BEGIN

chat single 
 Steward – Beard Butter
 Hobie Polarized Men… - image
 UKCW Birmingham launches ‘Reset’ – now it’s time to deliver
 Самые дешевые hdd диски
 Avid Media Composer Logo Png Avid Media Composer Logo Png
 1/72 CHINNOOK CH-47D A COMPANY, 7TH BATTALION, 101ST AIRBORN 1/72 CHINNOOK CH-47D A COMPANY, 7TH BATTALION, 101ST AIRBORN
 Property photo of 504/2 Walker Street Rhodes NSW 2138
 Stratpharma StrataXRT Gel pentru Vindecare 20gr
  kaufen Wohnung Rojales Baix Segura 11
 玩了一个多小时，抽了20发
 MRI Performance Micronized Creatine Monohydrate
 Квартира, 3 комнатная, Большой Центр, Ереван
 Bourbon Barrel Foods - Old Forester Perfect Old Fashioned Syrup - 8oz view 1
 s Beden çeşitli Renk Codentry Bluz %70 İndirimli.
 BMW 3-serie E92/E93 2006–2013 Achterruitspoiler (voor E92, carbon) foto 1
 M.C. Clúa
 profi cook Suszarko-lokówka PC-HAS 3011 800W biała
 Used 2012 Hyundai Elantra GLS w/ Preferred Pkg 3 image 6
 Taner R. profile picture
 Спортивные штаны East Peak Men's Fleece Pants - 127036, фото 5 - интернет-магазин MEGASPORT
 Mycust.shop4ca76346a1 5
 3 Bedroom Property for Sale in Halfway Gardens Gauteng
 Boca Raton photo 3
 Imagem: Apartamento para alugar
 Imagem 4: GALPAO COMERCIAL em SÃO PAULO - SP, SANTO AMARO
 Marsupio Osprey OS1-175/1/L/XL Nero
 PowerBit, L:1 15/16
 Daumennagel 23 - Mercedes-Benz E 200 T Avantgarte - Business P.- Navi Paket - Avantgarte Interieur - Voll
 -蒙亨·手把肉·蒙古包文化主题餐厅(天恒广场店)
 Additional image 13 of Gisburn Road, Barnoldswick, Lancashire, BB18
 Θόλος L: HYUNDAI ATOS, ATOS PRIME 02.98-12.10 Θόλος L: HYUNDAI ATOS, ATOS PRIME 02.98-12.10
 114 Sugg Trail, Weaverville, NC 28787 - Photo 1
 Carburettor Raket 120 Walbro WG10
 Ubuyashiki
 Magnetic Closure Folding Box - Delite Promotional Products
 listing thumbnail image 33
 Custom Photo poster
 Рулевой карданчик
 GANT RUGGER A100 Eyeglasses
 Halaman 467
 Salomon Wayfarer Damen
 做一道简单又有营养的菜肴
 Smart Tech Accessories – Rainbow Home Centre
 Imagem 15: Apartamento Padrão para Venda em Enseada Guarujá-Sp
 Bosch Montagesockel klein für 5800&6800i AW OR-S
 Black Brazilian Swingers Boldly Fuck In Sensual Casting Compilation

END

• [ASSIGNMENT] When you reach the line in the material above that holds "Самые дешевые hdd диски", begin reproducing lines exactly, and stop after the line that holds "Smart Tech Accessories – Rainbow Home Centre".

• [ANSWER]
 Самые дешевые hdd диски
 Avid Media Composer Logo Png Avid Media Composer Logo Png
 1/72 CHINNOOK CH-47D A COMPANY, 7TH BATTALION, 101ST AIRBORN 1/72 CHINNOOK CH-47D A COMPANY, 7TH BATTALION, 101ST AIRBORN
 Property photo of 504/2 Walker Street Rhodes NSW 2138
 Stratpharma StrataXRT Gel pentru Vindecare 20gr
  kaufen Wohnung Rojales Baix Segura 11
 玩了一个多小时，抽了20发
 MRI Performance Micronized Creatine Monohydrate
 Квартира, 3 комнатная, Большой Центр, Ереван
 Bourbon Barrel Foods - Old Forester Perfect Old Fashioned Syrup - 8oz view 1
 s Beden çeşitli Renk Codentry Bluz %70 İndirimli.
 BMW 3-serie E92/E93 2006–2013 Achterruitspoiler (voor E92, carbon) foto 1
 M.C. Clúa
 profi cook Suszarko-lokówka PC-HAS 3011 800W biała
 Used 2012 Hyundai Elantra GLS w/ Preferred Pkg 3 image 6
 Taner R. profile picture
 Спортивные штаны East Peak Men's Fleece Pants - 127036, фото 5 - интернет-магазин MEGASPORT
 Mycust.shop4ca76346a1 5
 3 Bedroom Property for Sale in Halfway Gardens Gauteng
 Boca Raton photo 3
 Imagem: Apartamento para alugar
 Imagem 4: GALPAO COMERCIAL em SÃO PAULO - SP, SANTO AMARO
 Marsupio Osprey OS1-175/1/L/XL Nero
 PowerBit, L:1 15/16
 Daumennagel 23 - Mercedes-Benz E 200 T Avantgarte - Business P.- Navi Paket - Avantgarte Interieur - Voll
 -蒙亨·手把肉·蒙古包文化主题餐厅(天恒广场店)
 Additional image 13 of Gisburn Road, Barnoldswick, Lancashire, BB18
 Θόλος L: HYUNDAI ATOS, ATOS PRIME 02.98-12.10 Θόλος L: HYUNDAI ATOS, ATOS PRIME 02.98-12.10
 114 Sugg Trail, Weaverville, NC 28787 - Photo 1
 Carburettor Raket 120 Walbro WG10
 Ubuyashiki
 Magnetic Closure Folding Box - Delite Promotional Products
 listing thumbnail image 33
 Custom Photo poster
 Рулевой карданчик
 GANT RUGGER A100 Eyeglasses
 Halaman 467
 Salomon Wayfarer Damen
 做一道简单又有营养的菜肴
 Smart Tech Accessories – Rainbow Home Centre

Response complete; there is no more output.